In Mexico in 1928 at the insistence of the philosopher José Vasconcelos, then Minister of Education, it was named Día de la Raza (Day of the Race), denomination of the Iberian-American Union in 1913 to declare a new identity formed by the encounter of the Spaniards with the native peoples of the Americas. In 1902, the Mexican poet Amado Nervo had written a poem in honor of the President Benito Juárez (a Zapoteca Indian), which he read in the House of Representatives, titled Raza de Bronce (Race of Bronze) praising the indigenous race, title which later in 1919 the Bolivian author Alcides Arquedas would give his book. Bronze (noble metal amalgamated of various metals) came to be metaphor for mestizaje (the mixing of the races.) According to the thinking of Vasconcelos, a Cosmic Race, the race of the future, is the noble race that is formed in the Americas since October 12, 1492, the race of mestizaje, an amalgam of the indigenous races of the Americas, the Europeans, the Africans, the Asians, the world — in a word, the human race made of a mixture of all the races which Vasconcelos called the Cosmic Race.
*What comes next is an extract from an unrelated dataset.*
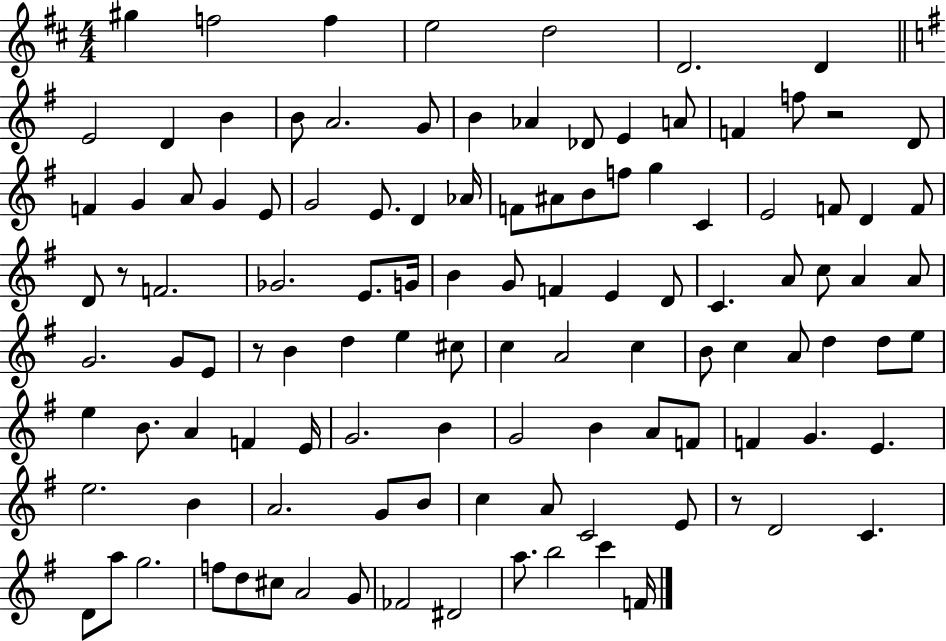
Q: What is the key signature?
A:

But that this race is formed at great cost to the indigenous American race (and to the African race brought here as slaves) cannot be ignored. Since 2002, in Venezuela the feast-day is called Día de la Resistencia Indígena (Day of Indigenous Resistance.)
Be that as it may, by whatever name we give it, however way we cut it, it is the same cake — the date commemorates the arrival of the Europeans to America (which for them was a “new world”), not a visit but an invasion, a genocide, a subjugation of the peoples of that “new world” which we know today by the name of a European cartographer who never set foot on the sacred ground of the continents that bear his name. What the date marks is a continuous colonization, exploitation, abuse, outrage of the indigenous peoples of the Americas that has never lessened, that has persisted these five-hundred-sixteen years.
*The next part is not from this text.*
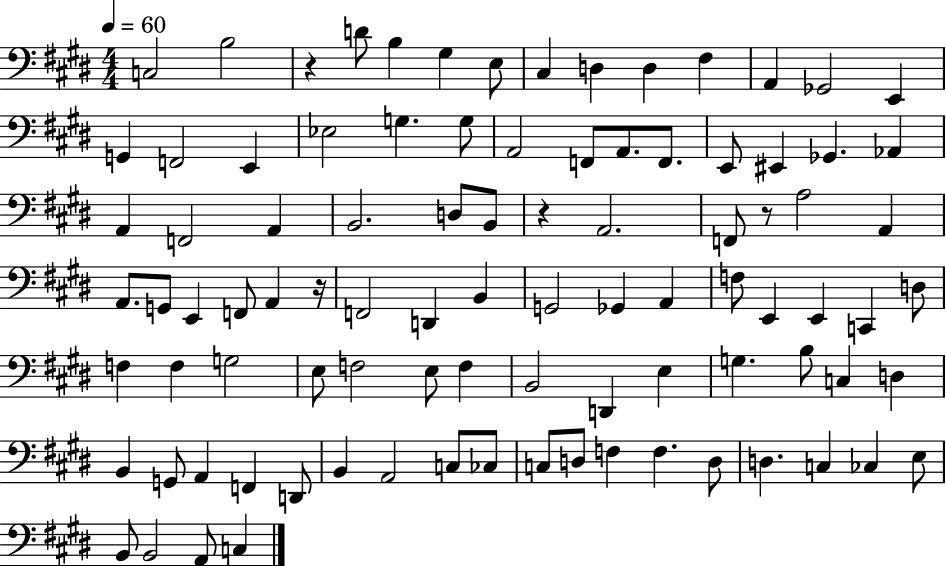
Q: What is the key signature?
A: E major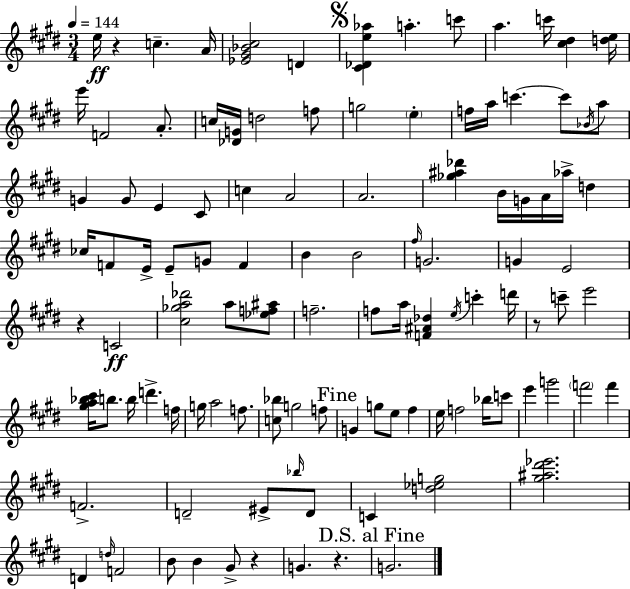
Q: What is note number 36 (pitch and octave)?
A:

It could well be called Day of Globalization. Since that date, the Earth is concretely, definitively proven to be truly round, a sphere, a ball, a globe. And from that date is imposed by force upon the indigenous American peoples a quite strange (in my view, mistaken) cosmology, attitude toward life, toward the Earth, toward economics, toward the sacred, toward the human being him/herself — a single truth narrow and intolerant, a rapacious disdain toward the Earth seen only as a resource to be exploited, a concept of progress difficult to distinguish from greed and the lust for power.
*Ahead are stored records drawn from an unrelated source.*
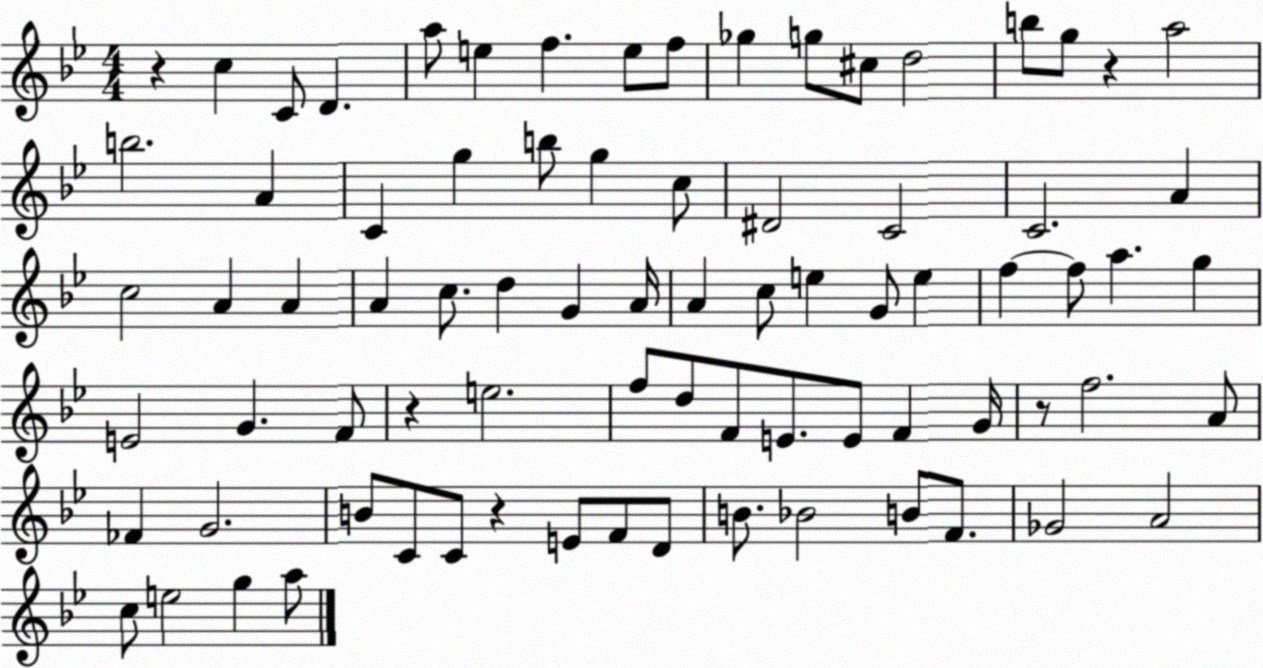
X:1
T:Untitled
M:4/4
L:1/4
K:Bb
z c C/2 D a/2 e f e/2 f/2 _g g/2 ^c/2 d2 b/2 g/2 z a2 b2 A C g b/2 g c/2 ^D2 C2 C2 A c2 A A A c/2 d G A/4 A c/2 e G/2 e f f/2 a g E2 G F/2 z e2 f/2 d/2 F/2 E/2 E/2 F G/4 z/2 f2 A/2 _F G2 B/2 C/2 C/2 z E/2 F/2 D/2 B/2 _B2 B/2 F/2 _G2 A2 c/2 e2 g a/2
The cause of the indigenous peoples screams for justice: their lands, their fields continue to be stolen from them, destroyed for their valuable woods and minerals; their agricultural creations, such as maize and the potato, which have saved a great part of the world from famine, are modified at the molecular level and controlled by rapacious corporations; their traditional medicines are patented by those same corporations; sacred water is privatized and stolen from them; even their right to their own beliefs and cultures is not respected. Even putting justice aside, we should all ally ourselves with the indigenous peoples of the Americas (and of the entire world) in their resistance against such abuse because what threatens them threatens us all throughout the whole world — and the Earth itself. They have a very much to teach us about a healthy relationship of humankind with the Earth.
In an Earth much smaller and more fragile than we imagined, we find ourselves in full globalization and struggle against the imposition of an unbridled capitalism and the fascism, its logical extension, that accompanies it. The indigenous resistance that has never ceased these five centuries and some continues in spite of a brutal repression and now all of us of the cosmic race, of pure necessity, must align ourselves with their struggle, for that struggle is ours if we are to survive on the Earth, holy mother of our race, the human race — and of all our relations, the other animals, the plants, the minerals. On the round, seamless Earth all borders are fictitious and what threatens one threatens all. To think otherwise is not only immoral but insane.